Юноша смахнул пот со лба, взял свечу и вернулся в подвал. Ветошь пала к точёным ножкам красавицы, обнажая грудь, готовую вздохнуть. Изнемогая, Бертран прильнул к алым устам, которые показались горячими и солёными. Сверху донеслись двенадцать ударов часов с городской ратуши, но суматошный стук сердца заглушил и их, так что не сразу удалось расслышать:
— Отец Бертран…
Он обернулся и побледнел. Жаннетта, растрёпанная и печальная, сама протягивала хлебный нож. Жилет и шаль она оставила в кладовке, оставшись в платье, которое ей было мало и, наверняка, жало в бёдрах.
— Жанет… — начал он, и тут видение с окровавленными губами накрыло так яростно и жестоко, что Бертран застонал.
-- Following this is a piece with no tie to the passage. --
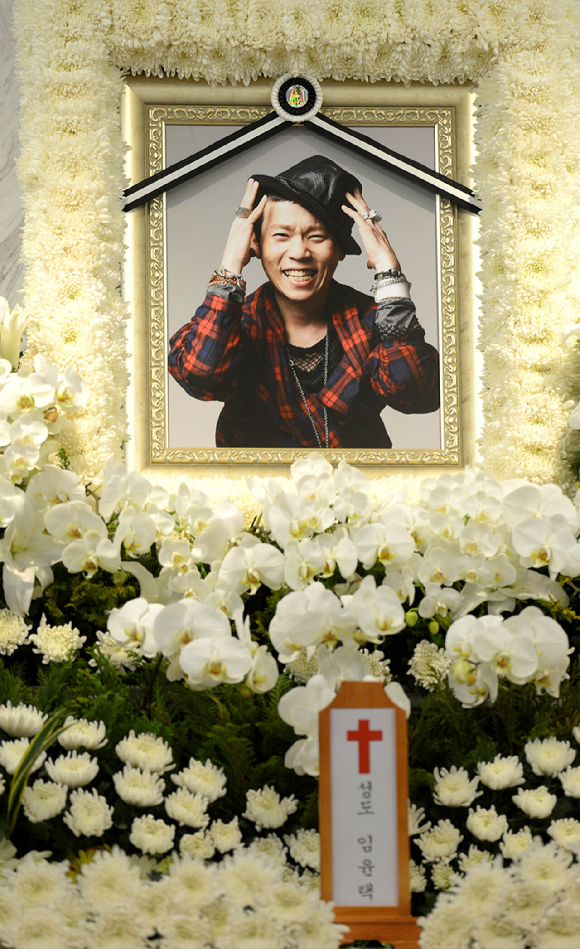 울랄라세션 故임윤택, 오늘(11일) 13주기…여전히 기억하는 긍정 에너지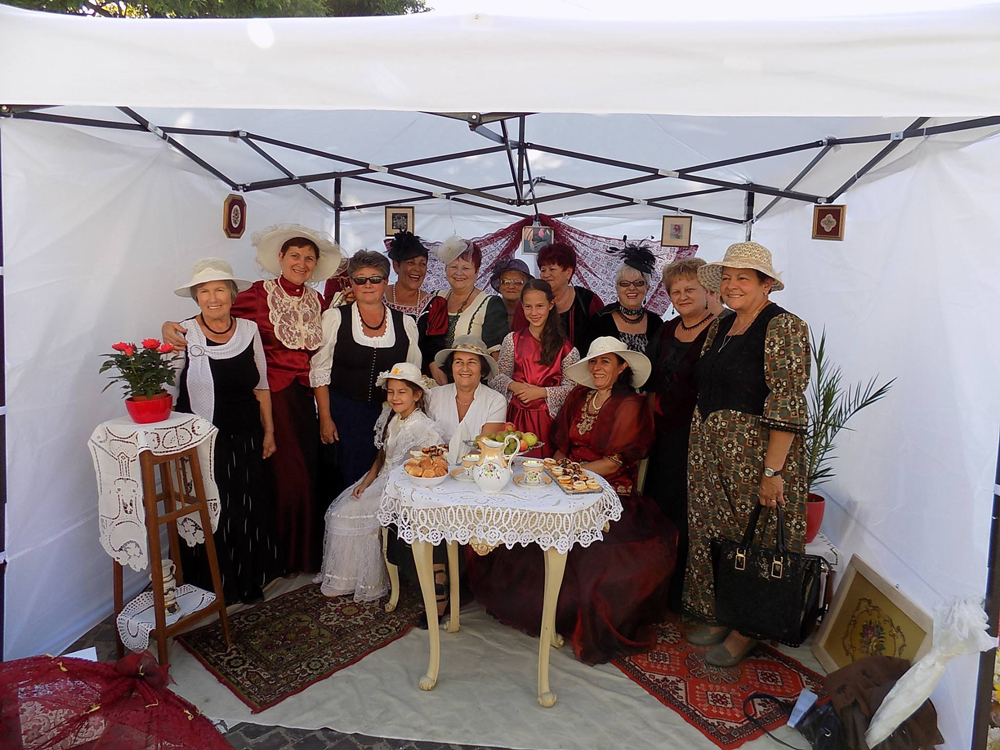 XIX.Szzadi Piaci Korkp sta a sokadalmi forgatagban 2017 - Kzdivsrhelyi Nők Egyeslete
Очи налились багровым и всё-всё-всё, кроме статуи перестало существовать. Выхватив нож, он схватил девушку за волосы и полоснул по белому горлу. Тугой горячий поток хлынул прямо в глаза, диакон зажмурился и отпустил жертву. Она почти не кричала, но добить резким ударом в сердце ума хватило. Смочив дрожащие пальцы в крови, Бертран мазал и мазал рубиновые губы, плечи и соски. И падая в тяжёлое забытьё, он увидел то, чего так добивался — мёртвые уста ожили, разомкнувшись в хищной улыбке, но вместо зубов или языка показалась бездна, чёрная, как грех, и бесконечная, как сам Хаос…
Юноша не знал, сколько длилась тьма, но до сознания вернулся слух. Говорили двое, один с явно восточным акцентом, второй с северным.
— Сэм, может, Великий Змей ошибся? Суккуб сломала его всего за три дня!
— Йормунганд никогда не ошибается, ты же знаешь, Джамал. Нужно дать парню шанс.
— День слияния колец миновал совсем недавно. Может, Великий Шеша ещё не пришёл в себя?
— Уроборос не может ошибиться, — вмешался третий голос, удивительно мощный и тяжёлый. — Посмотрите на его волосы, Змей сам отметил его.
— Где я? — прошептал Бертран. Перед глазами плыли разноцветные пятна.
— Почему бы тебе не спросить, где крошка Жанетта? — возмутился «восточный».
Молодой человек попытался и снова потерял сознание…
«Oh, le piaf, mon piaf[12]…» — мысленно простонал кардинал и вдруг понял, что произнёс это вслух.
— В чём дело? — голос Олега вернул в действительность. — Наш балбес расшалился? Ручонки распускает?
Здоровяк закрыл дверь в квартиру и, передав пакеты с продуктами Мартину, демонстративно закатал рукава. Валентин попытался дать дёру, но чтобы пробиться сквозь массивную фигуру кардинала, нужно было стать по меньшей мере призраком. Олег поднял вора за шкирку, пристально разглядывая.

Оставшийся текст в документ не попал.